Gerakan Silisapa merupakan sebagai sarana edukasi untuk memberikan kesadaran terkait pengelolaan sampah kepada para siswa dan siswi di sekolah, khususnya di SMP dan SMK Al-Munawwaroh. Tidak hanya itu, Silisapa juga, ke depannya akan menjadi mitra sub-unit dari TPS 3R.

embed

Sistemnya, pengelola TPS 3R akan menjadi bank sampah dari sekolah tersebut. Bank sampah adalah konsep pengumpulan sampah kering yang dapat dipilah dan memiliki pengaturan layaknya perbankan, namun yang ditabung bukan uang, melainkan sampah.

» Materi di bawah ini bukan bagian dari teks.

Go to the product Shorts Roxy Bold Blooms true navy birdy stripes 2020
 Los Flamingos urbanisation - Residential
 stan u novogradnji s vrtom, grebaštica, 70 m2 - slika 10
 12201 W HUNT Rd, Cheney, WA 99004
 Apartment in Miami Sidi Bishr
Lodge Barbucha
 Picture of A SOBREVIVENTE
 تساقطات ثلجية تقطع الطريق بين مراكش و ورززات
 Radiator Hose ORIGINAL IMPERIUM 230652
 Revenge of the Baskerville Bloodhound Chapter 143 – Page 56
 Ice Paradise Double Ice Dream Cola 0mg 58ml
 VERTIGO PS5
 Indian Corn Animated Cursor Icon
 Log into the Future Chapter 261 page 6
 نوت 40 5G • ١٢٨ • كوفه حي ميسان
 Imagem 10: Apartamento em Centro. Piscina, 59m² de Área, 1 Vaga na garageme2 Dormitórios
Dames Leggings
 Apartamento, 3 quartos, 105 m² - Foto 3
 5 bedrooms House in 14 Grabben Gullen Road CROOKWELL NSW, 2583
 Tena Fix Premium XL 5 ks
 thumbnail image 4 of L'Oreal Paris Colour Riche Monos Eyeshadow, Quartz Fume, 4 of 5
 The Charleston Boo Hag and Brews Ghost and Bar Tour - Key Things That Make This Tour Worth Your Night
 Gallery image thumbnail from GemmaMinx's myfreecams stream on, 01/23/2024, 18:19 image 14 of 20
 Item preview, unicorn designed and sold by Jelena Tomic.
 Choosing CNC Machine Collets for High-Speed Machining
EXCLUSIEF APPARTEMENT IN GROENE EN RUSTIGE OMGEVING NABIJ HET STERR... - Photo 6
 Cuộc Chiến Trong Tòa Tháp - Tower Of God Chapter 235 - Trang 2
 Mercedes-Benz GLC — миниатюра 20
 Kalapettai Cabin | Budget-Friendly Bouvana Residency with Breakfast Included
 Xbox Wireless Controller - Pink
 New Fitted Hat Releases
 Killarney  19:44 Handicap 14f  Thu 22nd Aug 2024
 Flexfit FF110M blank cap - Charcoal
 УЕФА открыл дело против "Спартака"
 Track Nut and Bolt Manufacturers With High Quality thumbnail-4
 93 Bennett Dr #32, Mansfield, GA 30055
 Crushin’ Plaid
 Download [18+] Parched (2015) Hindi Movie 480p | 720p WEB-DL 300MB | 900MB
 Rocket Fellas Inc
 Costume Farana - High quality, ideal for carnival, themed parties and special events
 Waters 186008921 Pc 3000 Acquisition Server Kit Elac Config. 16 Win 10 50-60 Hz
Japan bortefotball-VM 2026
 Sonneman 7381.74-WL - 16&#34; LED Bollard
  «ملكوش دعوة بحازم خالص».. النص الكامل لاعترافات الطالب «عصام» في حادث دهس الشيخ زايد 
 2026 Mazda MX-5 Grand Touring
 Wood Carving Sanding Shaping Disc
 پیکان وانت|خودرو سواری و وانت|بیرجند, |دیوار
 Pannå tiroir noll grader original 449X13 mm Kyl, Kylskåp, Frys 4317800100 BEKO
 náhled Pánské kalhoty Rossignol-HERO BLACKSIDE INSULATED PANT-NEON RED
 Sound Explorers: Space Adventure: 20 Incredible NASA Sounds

Sampah tersebut nantinya ditabung oleh para siswa dan siswi, dan akan menjadi nasabah. Nasabah ini memiliki tabungan untuk menabung sampah yang dibayar dengan sampah seharga uang. Artinya, dari sampah bisa menjadi rupiah. Rupiah tersebut dapat digunakan untuk uang kas kelas.

Selanjutnya, bukan hanya sekadar menjadi sub-unit bank sampah, melainkan kolaborasi dengan guru seni budaya untuk mendaur ulang sampah plastik jajanan para siswa dan siswi, seperti bungkus tea jus, sedotan, minuman akua gelas, kertas dan lain sebagainya untuk membuat kerajinan seni kriya bernilai ekonomis dan ramah lingkungan.

Tujuannya adalah untuk mengurangi sampah limbah plastik yang dapat mencemari lingkungan, sebagai dekorasi atau pajangan di ruang kelas dan sebagai alternatif bisnis berkelanjutan yang memiliki dampak positif terhadap lingkungan.